Paris, Petit-Hébertot
A propos de Martin de Roger Dumas
Le fils du boulanger

Le garçon qui, un peu vieilli, entre en scène s’appelle Martin, ou « Martin Quelqu’un ». Donc un anonyme, perdu dans la foule des gens qui tentent de vivre et qu’on pourrait ne pas remarquer. Mais ce Martin est le double de Roger Dumas qui, en prenant un nom passe-partout dans ces mémoires dits en public, marque qu’il vient du peuple, de la masse, des non-favorisés.
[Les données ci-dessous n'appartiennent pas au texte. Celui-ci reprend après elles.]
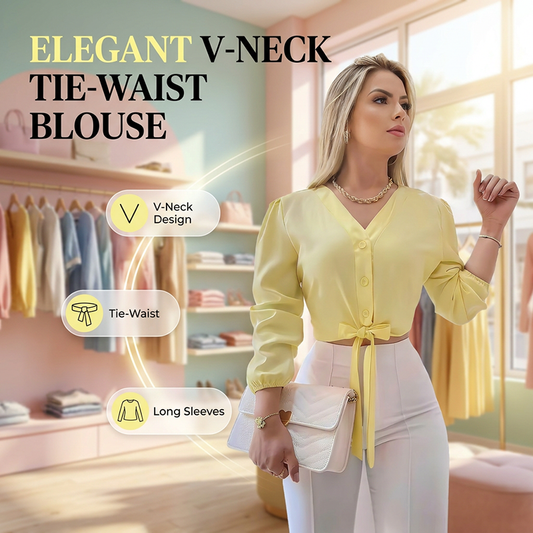👚 50% OFF NOW! 🎀 Women's Elegant V-Neck Tie-Waist Top – Adjustable Fit & Premium Soft Fabric – Versatile Chic 👠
Il est devenu un acteur très connu, alignant films sur films, écrivant des chansons, jouant bien des pièces (les dernières, c’était avec Trintignant et Marielle). Mais son enfance, ses origines, c’est la boulange, c’est le four à pain du père, le magasin de la mère, et l’univers de farine où évolue l’écolier. C’est la province, et un jour Paris, qui se remet de la guerre à peine terminée et impose toujours de rudes privations. A propos de Dumas conte ces années de formation, de la découverte des filles, de sécrétion de mythologies qu’on se forme dans le tohu bohu de la jeunesse, puis, bien plus tard, le retour vers un passé détruit. Le théâtre est au cœur de l’évocation : un professeur de lycée a appris au gamin la scène des Tartes amandines dans Cyrano de Bergerac, puis l’a fait jouer avec lui maintes scènes de la pièce de Rostand. Le prof jouait grandiloquent, il apprenait à l’élève tout ce qu’il ne fallait pas faire, mais le virus était planté : Dumas ne serait plus mitron, mais comédien.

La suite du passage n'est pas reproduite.